Solved: Epsilon and root move from an aggregate to anoter

gmilazzoitag · ‎2018-03-12

Hi everybody,

past friday during an operation given as NDO we've had a service interruption on NAS component.

We had to move the root aggregate from some old disks to new ones and we've literally followed the procedure reported here (our cDOT is 8.3.2P9)

https://kb.netapp.com/app/answers/answer_view/a_id/1030179

In a very simple way it says:

Check for epsilon on the node you've to migrate and move it to another node
- there's a warining about SAN protocols interruptions but we DID NOT have SAN protocols running, only NFS/CIFS.
Lif migration after the aggregate relocation

Well, NFS was restarted and all servers and apps belonging to it went down!
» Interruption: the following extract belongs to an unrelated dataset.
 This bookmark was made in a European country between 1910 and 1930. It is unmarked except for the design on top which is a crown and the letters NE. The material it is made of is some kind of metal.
I let you imagine customer reaction...

Also console after this command:

system node modify -node node01 -eligibility false

give us a warning about SAN disruption. As I wrote it did not matter us.

Only after that we've found on manual this, but as usual manuals are always less updated than knowledgebase so it could be the last place where to find fresh informations!

https://library.netapp.com/ecmdocs/ECMP1367947/html/GUID-AB52F821-3A25-4E02-B1EF-1B09EBE4009D.html

Moving epsilon for certain manually initiated takeovers

Note: Although cluster formation voting can be modified by using the cluster modify -eligibility false command, you should avoid this except for situations such as restoring the node configuration or prolonged node maintenance. If you set a node to be ineligible, it stops serving SAN data until the node is reset to eligible and rebooted. NAS data access to the node might also be affected when the node is ineligible.

And, what does it mean "might be". I translate that as a "nobody knows, try..."

Now the most important question (we must migrate other three nodes!) is this:

Assuming that we've well understood that 1. migrate lif and only 2. epsilon false, it there an official answer/doc with updated information that ensure that is this the right procedure to avoid also NAS protocols interruption?

Thank you very much,

AlexDawson · ‎2018-03-12

Hi there,

As you've experienced service disruption at a client site, I would suggest you should log a support case with our support centre, and ask for clarification of the documentation and correct steps to avoid an outage in the future.

I've brought this issue and this thread to the attention of the writer of that KB article.

View solution in original post

AlexDawson · ‎2018-03-12

Hi there,

As you've experienced service disruption at a client site, I would suggest you should log a support case with our support centre, and ask for clarification of the documentation and correct steps to avoid an outage in the future.

I've brought this issue and this thread to the attention of the writer of that KB article.

Sebastian_Goetze · ‎2018-03-13

Just for clarification, what Giacomo is refering to is this:

Hmmmmm,

Going through the steps in the KB, I would have done the epsilon and eligibility steps (Step 1 in the KB) right before the reboot (Step 8), *after* moving the aggregate and the LIFs away from the node to be worked on.

At that point in time it shouldn't disturb anything, since no user traffic should pass through this nodes interfaces or disks.

What do you think?

(I'm a little unclear about the meaning of "NFS was restarted", but I have a feeling the above change in sequence should help)

Also, if you look at the revert steps, the KB first restores eligibility and HA failover and only at the end reverts aggregates and LIFs.

Regards

Sebastian

gmilazzoitag · ‎2018-03-13

Thank you very much Sebastian.

Now we'll attempt to have some official answer by support on the sequence that you're suggesting, and on which I completely agree as suspected after that fault.

My best regards,

gmilazzoitag · ‎2018-03-13

Hi,
thank you for the quick answer.
Is the thing that I should do also because customer need some official position before to let us the steps with inverse path. Otherwise he will plan an outage.

Another experienced Se told me that the sequence should be inverted also because if you look at the sequence after the reboot in that kb epsilon eleggibilità is the first thing so that it should be the last after aggr relocation and life move.

Regards